Here are two from the FTSE 100 that I’d buy today if I didn’t already own them.

9.4% yield

First, I’d snap up Legal & General (LSE: LGEN). With the share price currently at 226p, this means the forward-looking dividend yield is an eye-popping 9.4%. That’s one of the highest in the UK market today.

A sky-high yield like this could be viewed as a warning sign that a dividend cut might be coming. And while this can never be ruled out with shares, Legal & General’s payout prospects look solid to me.

In H1, the insurer’s core operating profit edged up slightly to £849m, while the interim dividend was lifted by 5% to 6p a share. Its operating return on equity increased to 35.4%, up from 28.6% in H1 2023.

One negative was that assets under management dipped slightly to £1.13trn. Despite this, asset management revenues were up 6% during the half.

A risk here would be a recession in the US, where the firm is growing its presence. That could lead to consumers and businesses cutting spending on financial products like life insurance, pensions, and investment funds, all core offerings from Legal & General. That could result in lower earnings.

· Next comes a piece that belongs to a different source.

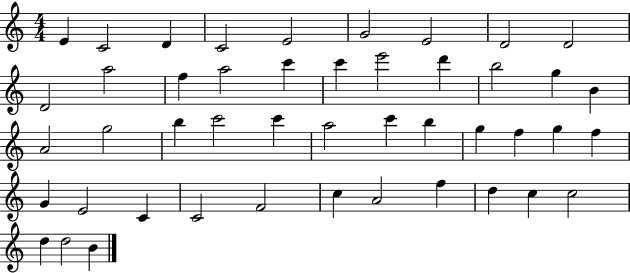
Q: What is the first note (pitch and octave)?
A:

Looking to the full year though, management expects core operating earnings to grow by mid-single digits. Meanwhile, the balance sheet remains strong and a £200m share buyback is ongoing.

I’d invest today to aim to lock in that pocket-padding 9.4% yield.

8.5% yield

Next up is British American Tobacco (LSE: BATS). This is the owner of cigarette brands including Lucky Strike and Rothmans, as well as Velo (oral nicotine pouch), Vuse (e-cigarettes), and Glo (heated tobacco).

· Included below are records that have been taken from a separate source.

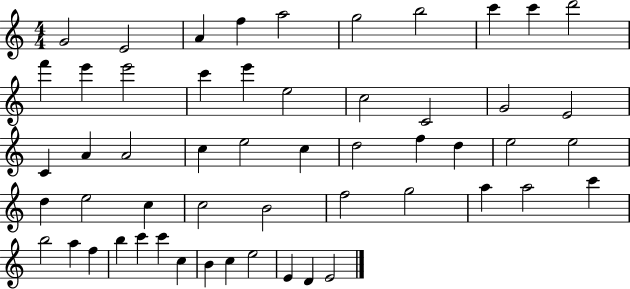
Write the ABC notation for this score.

X:1
T:Untitled
M:4/4
L:1/4
K:C
G2 E2 A f a2 g2 b2 c' c' d'2 f' e' e'2 c' e' e2 c2 C2 G2 E2 C A A2 c e2 c d2 f d e2 e2 d e2 c c2 B2 f2 g2 a a2 c' b2 a f b c' c' c B c e2 E D E2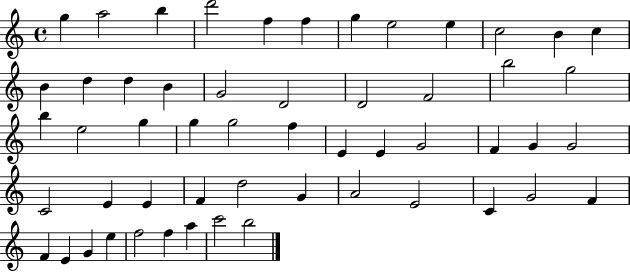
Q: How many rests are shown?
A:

The forward yield here is a mountainous 8.5%. It was over 10% a few months ago when I invested but the share price has jumped by around 21%, year to date.

Despite this rise, the stock is still dirt cheap, trading at just 7.7 times forecast earnings. This likely reflects the big risk here, which is that the company’s main cigarette business is in structural decline.

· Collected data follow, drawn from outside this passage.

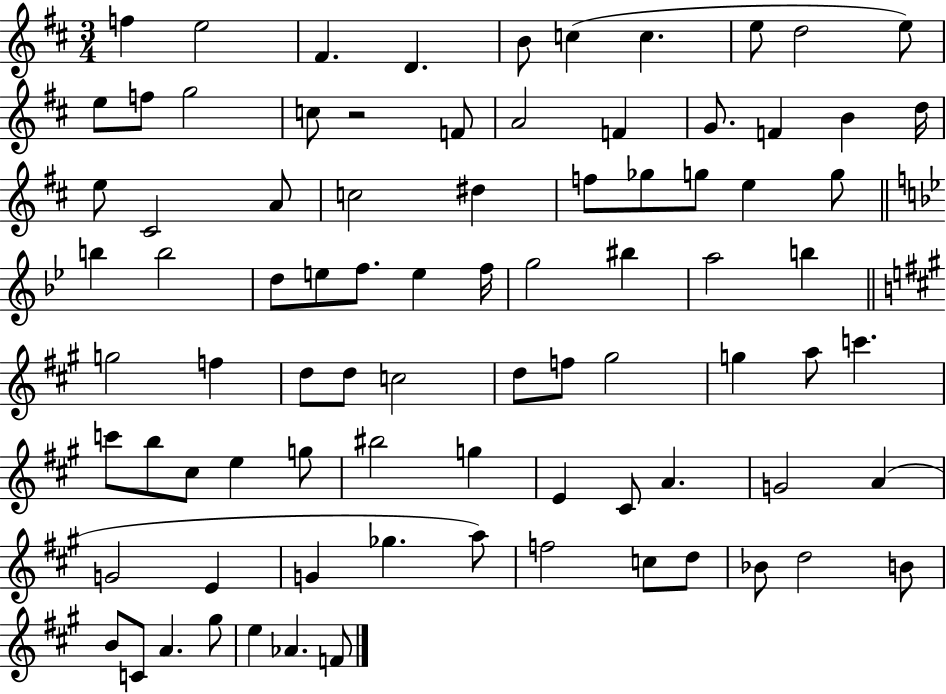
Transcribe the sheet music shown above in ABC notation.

X:1
T:Untitled
M:3/4
L:1/4
K:D
f e2 ^F D B/2 c c e/2 d2 e/2 e/2 f/2 g2 c/2 z2 F/2 A2 F G/2 F B d/4 e/2 ^C2 A/2 c2 ^d f/2 _g/2 g/2 e g/2 b b2 d/2 e/2 f/2 e f/4 g2 ^b a2 b g2 f d/2 d/2 c2 d/2 f/2 ^g2 g a/2 c' c'/2 b/2 ^c/2 e g/2 ^b2 g E ^C/2 A G2 A G2 E G _g a/2 f2 c/2 d/2 _B/2 d2 B/2 B/2 C/2 A ^g/2 e _A F/2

Last year, for example, there was cigarette volume growth in Bangladesh, Brazil, and Turkey, but this was more than offset by lower volume in the US. And while it did attract 1.4m new smokeless consumers over the past year, it remains uncertain if this division will ever match the profitability of cigarettes.

However, the tobacco giant still expects both full-year revenue and adjusted earnings per share to grow by low single digits. And it plans to repurchase £700m worth of shares this year and £900m next year.

Looking ahead, the firm reckons it will generate £40bn in free cash flow over the next five years. That should more than cover the approximately £5.1bn a year it’s paying out in dividends.

Therefore, this is another FTSE 100 stock that I believe can deliver on its ultra-high yield.

A grand a year

If I invest £5,600 in each of these stocks, the average yield would total just under 9%. This would generate £1,000 a year in passive income.